== Goal of the exercise ==
Pictures are to be left out, and only the lines below starting at the one with "The Sak Black and Gray Rain Boots" and ending at the one with "4467 Treehouse Ln" are to be reproduced, each exactly, both ends included.

== Source material ==

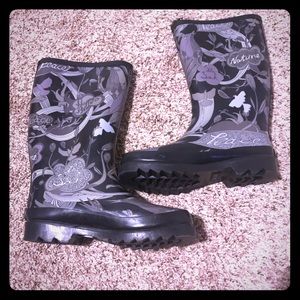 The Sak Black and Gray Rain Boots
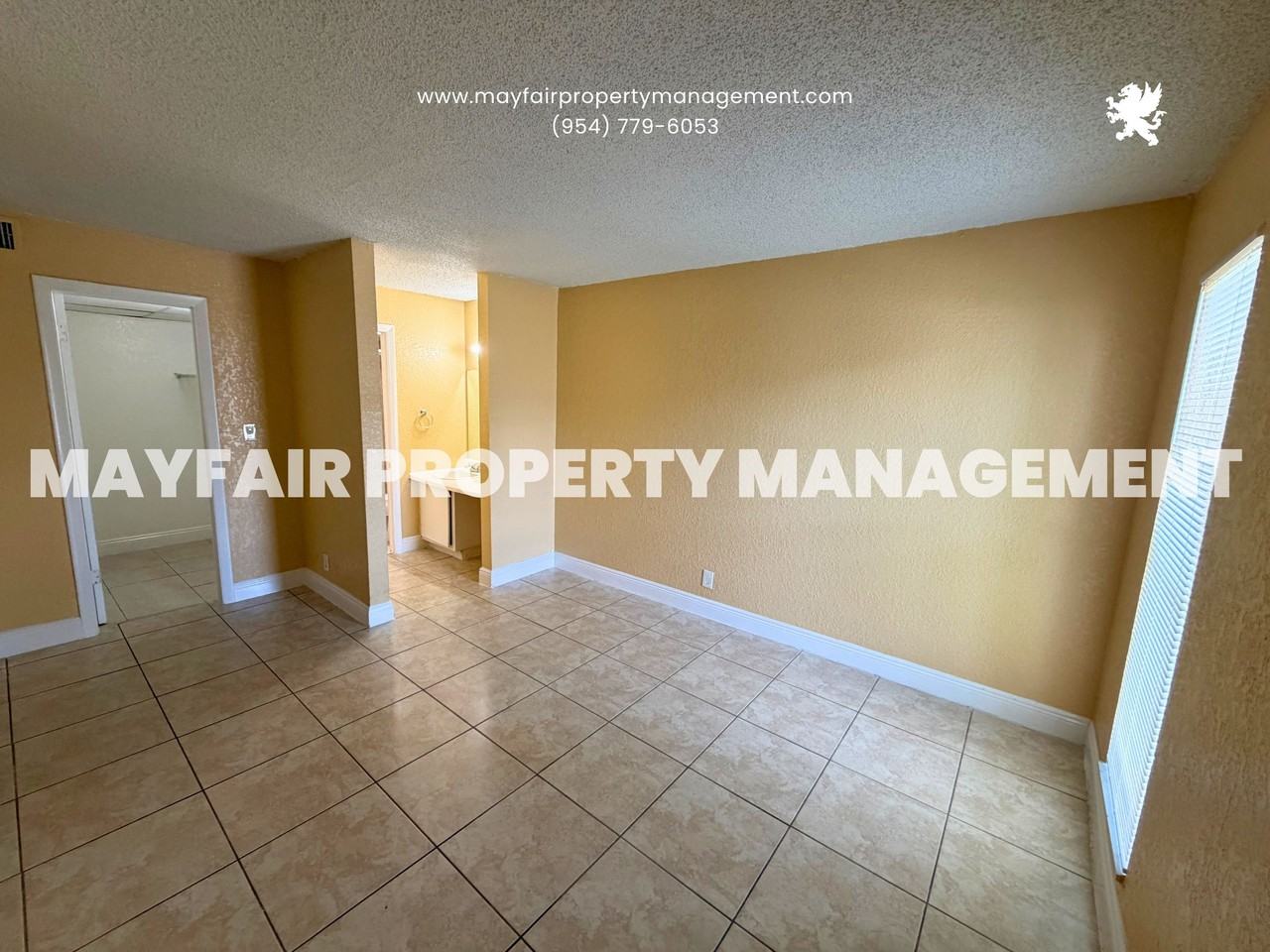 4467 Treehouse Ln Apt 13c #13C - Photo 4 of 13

...

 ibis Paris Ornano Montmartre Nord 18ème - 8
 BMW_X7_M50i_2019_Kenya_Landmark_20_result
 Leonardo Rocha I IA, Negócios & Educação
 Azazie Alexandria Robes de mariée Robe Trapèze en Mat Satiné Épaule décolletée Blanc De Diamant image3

== Task answer ==
 The Sak Black and Gray Rain Boots
 4467 Treehouse Ln Apt 13c #13C - Photo 4 of 13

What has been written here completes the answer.